Hi there! Is there a maximum number of connections...
# ask-community-for-troubleshooting
j
Hi there! Is there a maximum number of connections you can define in Airbyte? We make business intelligence software for bridal stores. We need to ELT each of our clients’ data into our database for analysis. The data comes from disparate systems (accounting, point-of-sale) using client specific credentials (api/oauth tokens). The way I’m thinking of using Airbyte for this is by dynamically creating a new source and connection for each client via the Airbyte API. This would result in many sources and connections. I’d like to know if my thinking is on the right track or if there are practical limitations for this approach.
1
s
What number of connections are you anticipating? @Harshith (Airbyte) operated an airbyte instance with thousands of connections via the API. UI would face limitations but an api based approach could work
j
We’d be looking at easily thousands in the short term. Probably tens of thousands in the medium term.

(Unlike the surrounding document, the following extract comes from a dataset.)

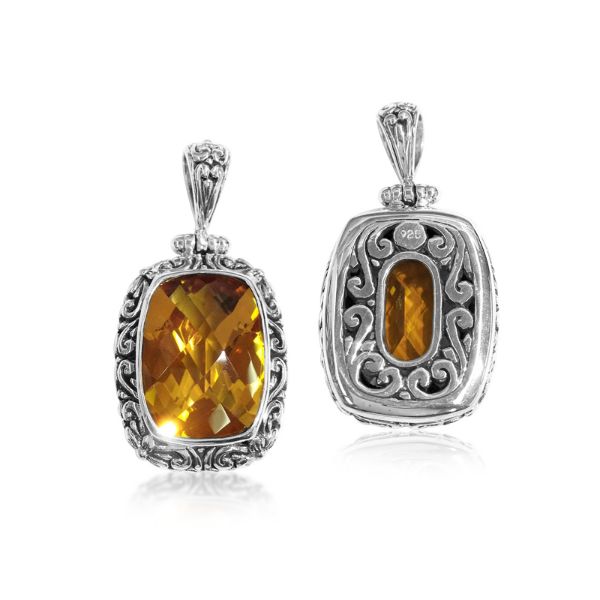 Handmade Citrine Quartz rectangular pendant in sterling silver with Balinese scroll accents, artisan jewelry from Bali.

So, it feels as though our use case is a bit of an edge case for Airbyte considering sources are associated with an individual user’s credentials. Is there another way to come at this problem that I’m not thinking of?
s
Hi, I found this question interesting so I'll continue with similar questions. We also make business intelligence software for companies and ELT each of our customers' data into our database, so I'm curious as to what problems may arise with Airbyte when it is scaled past tens of thousands of connections. For instance, if we want to change all connections with Stripe as source, would we have to change each connection individually or is it possible to group connections somehow? Is our use case not optimal for Airbyte open source, or is there some kind of best practice to dynamically creating and maintaining tens of thousands of connections?
a
Hi @Jay Tavares and @Sebastian Berner, as Sherif explained the UI will be pretty unusable if you have thousands of connections. But you can still provision thousands of connections with the API or our upcoming CLI tool (#public-octavia-cli) , the limiting factor will be the size of your Airbyte instance. This kind of setup will require you to properly size your Airbyte database and set up the job right parallelism.
👍 1
j
We use Helm/Kubernetes for some other things, so we’d probably be looking to use it for Airbyte as well. I’ve seen some discussion about potential issues when too many jobs get scheduled. We’d want to make sure that Airbyte has the ability to queue sync jobs for later execution if the resources of our k8s cluster are overcommitted. I recognize that this is all pretty bleeding edge.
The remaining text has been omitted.